I’ve been enjoying the ongoing MIT STAMP workshop. In particular, I’ve been enjoying listening to Nancy Leveson talk about system safety. Leveson is a giant in the safety research community (and, incidentally, an author of my favorite software engineering study). She’s also a critic of root cause and human error as explanations for accidents. Despite this, she has a different perspective on safety than many in the resilience engineering community. To sharpen my thinking, I’m going to capture my understanding of this difference in this post below.
From Leveson’s perspective, the engineering design should ensure that the system is safe. More specifically, the design should contain controls that eliminate or mitigate hazards. In this view, accidents are invariably attributable to design errors: a hazard in the system was not effectively controlled in the design.

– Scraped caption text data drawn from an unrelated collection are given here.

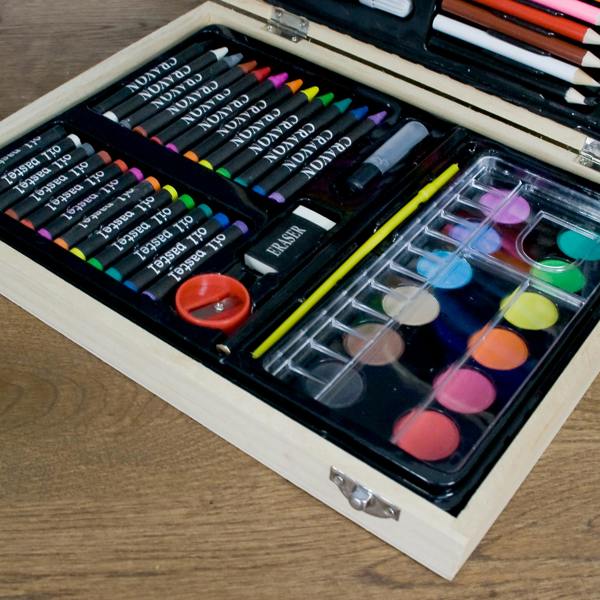 Close-up view of the lower tray in a personalised children's wooden art set, showing oil pastels, crayons, a sharpener, an eraser, and a watercolour paint set with a brush.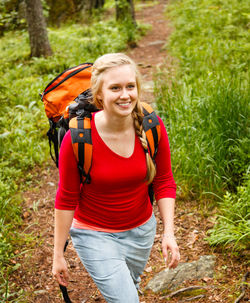 Portrait of young woman smiling in forest
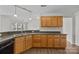 Bright kitchen features wood cabinets, stainless steel sink, and black appliances, perfect for cooking and entertaining at 423 Courtland Ct, Kannapolis, NC 28081
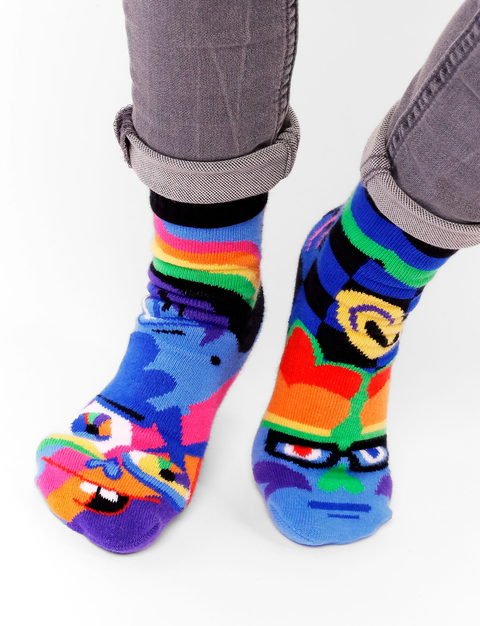 Image shows a pair of abstract art socks. One is a silly face and one is a serious face.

By contrast, many in the resilience engineering community claim that design alone cannot ensure that the system is safe. The idea here is that the system design will always be incomplete, and the human operators must adapt their local work to make up for the gaps in the designed system. These adaptations usually contribute to safety, and sometimes contribute to incidents, and in post-incident investigations we often only notice the latter case.
These perspectives are quite different. Leveson believes that depending on human adaptation in the system is itself dangerous. If we’re depending on human adaptation to achieve system safety, then the design engineers have not done their jobs properly in controlling hazards. The resilience engineering folks believe that depending on human adaptation is inevitable, because of the messy nature of complex systems.